AUTHOR: Amy Peterson
PUBLISHER: Nashville, TN: W Publishing, 2020, (224 pages).
The American evangelical image is going through an ugly patch right now. Believers are divided. Unbelievers are disgusted. The silent majority are shaking their heads. American evangelicalism is broken. It has split believers into more ways than one. More often than not, political allegiances dominate personal integrity. Standing up for values becomes more important than character of the person. The ends justify the means. Power trumps truth. Many people have used at least five things to demonize the perceptions of Christians these days: Judgmentalism, Legalism, Intolerance, Sexism, and Hypocrisy.
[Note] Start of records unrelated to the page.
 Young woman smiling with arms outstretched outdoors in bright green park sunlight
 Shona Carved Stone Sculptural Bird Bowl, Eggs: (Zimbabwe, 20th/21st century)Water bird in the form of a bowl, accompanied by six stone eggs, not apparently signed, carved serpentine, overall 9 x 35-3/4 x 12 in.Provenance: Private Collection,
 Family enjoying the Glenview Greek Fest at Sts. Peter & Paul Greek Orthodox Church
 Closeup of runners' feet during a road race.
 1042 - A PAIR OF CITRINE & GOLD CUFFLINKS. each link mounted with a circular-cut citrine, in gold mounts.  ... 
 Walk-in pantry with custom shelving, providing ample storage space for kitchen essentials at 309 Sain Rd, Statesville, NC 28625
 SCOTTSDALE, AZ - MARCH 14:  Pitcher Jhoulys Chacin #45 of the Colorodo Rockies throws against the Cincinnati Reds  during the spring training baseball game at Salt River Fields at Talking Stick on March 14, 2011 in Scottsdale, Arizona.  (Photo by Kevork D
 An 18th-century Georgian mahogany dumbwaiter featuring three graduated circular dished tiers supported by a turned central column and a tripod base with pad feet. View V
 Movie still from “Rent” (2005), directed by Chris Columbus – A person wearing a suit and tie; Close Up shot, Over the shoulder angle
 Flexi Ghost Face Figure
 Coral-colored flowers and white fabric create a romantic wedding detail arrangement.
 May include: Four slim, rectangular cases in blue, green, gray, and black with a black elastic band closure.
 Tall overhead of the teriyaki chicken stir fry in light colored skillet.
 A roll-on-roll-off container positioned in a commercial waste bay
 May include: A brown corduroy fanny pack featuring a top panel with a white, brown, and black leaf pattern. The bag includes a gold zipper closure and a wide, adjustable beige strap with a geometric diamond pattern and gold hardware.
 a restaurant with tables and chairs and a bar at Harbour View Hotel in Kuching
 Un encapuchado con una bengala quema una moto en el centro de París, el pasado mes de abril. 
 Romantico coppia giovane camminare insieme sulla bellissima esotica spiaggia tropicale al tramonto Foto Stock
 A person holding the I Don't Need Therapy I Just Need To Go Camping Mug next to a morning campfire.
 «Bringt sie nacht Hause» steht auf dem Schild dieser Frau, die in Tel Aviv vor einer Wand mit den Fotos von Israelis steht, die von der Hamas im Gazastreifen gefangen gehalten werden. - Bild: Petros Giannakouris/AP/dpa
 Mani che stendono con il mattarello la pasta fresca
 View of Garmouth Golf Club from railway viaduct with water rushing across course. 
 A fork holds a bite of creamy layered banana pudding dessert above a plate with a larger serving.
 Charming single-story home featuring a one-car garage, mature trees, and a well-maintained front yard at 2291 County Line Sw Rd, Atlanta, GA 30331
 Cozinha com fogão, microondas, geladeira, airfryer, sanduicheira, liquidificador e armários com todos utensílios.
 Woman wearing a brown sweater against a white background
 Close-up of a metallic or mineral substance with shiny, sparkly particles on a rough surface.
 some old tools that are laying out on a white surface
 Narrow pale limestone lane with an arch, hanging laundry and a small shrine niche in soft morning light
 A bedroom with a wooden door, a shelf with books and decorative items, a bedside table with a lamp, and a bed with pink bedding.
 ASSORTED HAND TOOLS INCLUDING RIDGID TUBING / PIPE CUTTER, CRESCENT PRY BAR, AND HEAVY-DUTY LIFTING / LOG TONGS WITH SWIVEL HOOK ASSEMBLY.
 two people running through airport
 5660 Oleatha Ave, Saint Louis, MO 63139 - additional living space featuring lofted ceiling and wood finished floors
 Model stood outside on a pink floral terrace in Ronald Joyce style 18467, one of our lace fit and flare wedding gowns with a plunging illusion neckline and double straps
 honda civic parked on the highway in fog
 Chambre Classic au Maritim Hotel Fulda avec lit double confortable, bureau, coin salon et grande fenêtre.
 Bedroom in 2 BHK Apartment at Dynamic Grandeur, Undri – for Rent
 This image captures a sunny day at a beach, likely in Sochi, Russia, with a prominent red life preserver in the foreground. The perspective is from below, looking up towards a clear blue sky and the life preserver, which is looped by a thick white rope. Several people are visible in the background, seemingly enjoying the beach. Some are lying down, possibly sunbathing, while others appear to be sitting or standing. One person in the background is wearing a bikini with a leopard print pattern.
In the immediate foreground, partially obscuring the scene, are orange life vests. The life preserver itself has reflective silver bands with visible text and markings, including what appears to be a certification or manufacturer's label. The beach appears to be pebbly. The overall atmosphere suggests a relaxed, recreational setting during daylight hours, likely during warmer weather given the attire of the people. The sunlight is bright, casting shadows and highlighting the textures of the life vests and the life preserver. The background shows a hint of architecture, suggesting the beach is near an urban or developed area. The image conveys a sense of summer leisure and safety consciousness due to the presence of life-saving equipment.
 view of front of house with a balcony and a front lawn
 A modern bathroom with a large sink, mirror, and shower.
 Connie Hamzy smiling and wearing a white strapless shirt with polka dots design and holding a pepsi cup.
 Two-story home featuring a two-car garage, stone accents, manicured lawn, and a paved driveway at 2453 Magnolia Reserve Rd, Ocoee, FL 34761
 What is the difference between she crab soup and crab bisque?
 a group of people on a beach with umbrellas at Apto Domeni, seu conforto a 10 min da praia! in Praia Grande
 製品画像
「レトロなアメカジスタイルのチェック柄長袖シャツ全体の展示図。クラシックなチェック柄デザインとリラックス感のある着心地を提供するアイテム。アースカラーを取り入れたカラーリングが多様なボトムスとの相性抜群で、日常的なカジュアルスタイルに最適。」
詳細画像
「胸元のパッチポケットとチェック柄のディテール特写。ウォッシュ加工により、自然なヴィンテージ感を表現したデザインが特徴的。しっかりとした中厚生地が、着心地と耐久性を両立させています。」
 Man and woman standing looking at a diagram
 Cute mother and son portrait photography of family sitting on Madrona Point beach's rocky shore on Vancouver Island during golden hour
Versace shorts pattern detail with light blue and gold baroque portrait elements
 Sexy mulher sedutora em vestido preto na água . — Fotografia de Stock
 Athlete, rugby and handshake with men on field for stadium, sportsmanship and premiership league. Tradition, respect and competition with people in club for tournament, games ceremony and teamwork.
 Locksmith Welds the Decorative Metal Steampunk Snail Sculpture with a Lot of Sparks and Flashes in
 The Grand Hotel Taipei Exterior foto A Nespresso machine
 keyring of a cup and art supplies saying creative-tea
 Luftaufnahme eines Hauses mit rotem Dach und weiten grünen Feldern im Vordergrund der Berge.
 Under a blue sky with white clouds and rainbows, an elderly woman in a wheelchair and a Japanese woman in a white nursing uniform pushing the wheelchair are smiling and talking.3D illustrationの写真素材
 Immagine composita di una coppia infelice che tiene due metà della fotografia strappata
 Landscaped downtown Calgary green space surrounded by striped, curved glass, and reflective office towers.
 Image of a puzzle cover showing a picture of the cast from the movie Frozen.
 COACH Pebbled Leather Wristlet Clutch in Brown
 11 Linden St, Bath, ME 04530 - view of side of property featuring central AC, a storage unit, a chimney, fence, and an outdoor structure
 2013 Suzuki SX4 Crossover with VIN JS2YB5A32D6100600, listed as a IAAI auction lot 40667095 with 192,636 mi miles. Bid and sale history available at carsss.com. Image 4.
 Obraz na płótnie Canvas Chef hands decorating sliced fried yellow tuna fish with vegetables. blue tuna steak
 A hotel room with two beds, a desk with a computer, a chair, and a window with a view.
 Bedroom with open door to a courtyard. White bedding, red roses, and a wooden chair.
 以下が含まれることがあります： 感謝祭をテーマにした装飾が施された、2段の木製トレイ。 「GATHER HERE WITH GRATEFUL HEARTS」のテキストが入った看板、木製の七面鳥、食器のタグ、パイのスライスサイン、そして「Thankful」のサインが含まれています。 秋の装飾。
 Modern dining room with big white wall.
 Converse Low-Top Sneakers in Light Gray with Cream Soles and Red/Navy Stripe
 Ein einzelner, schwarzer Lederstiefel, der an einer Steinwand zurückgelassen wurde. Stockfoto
Of all these five, hypocrisy has been something that haunted Christianity through the ages. Even during the time of Jesus, hypocrisy has been rearing its ugly head in the lives of the Pharisees and various religious leaders. Author Amy Peterson captures this state in American evangelicalism today. She notes: "Something has gone terribly wrong in the culture that taught me about virtue. I learned how to find truth in Scripture and orient my life around loving God and my neighbor from a community that seems to have stopped believing many of the things they taught me—things like the value of every human life, the importance of religious freedom, and the sanctity of marriage; things like hospitality, purity, modesty, truth, and love. I find myself now wondering if the ground I grew up in was radioactive all along and whether anything good can grow here. Does this hypocrisy mean I need to discard everything I learned growing up in the evangelical church?"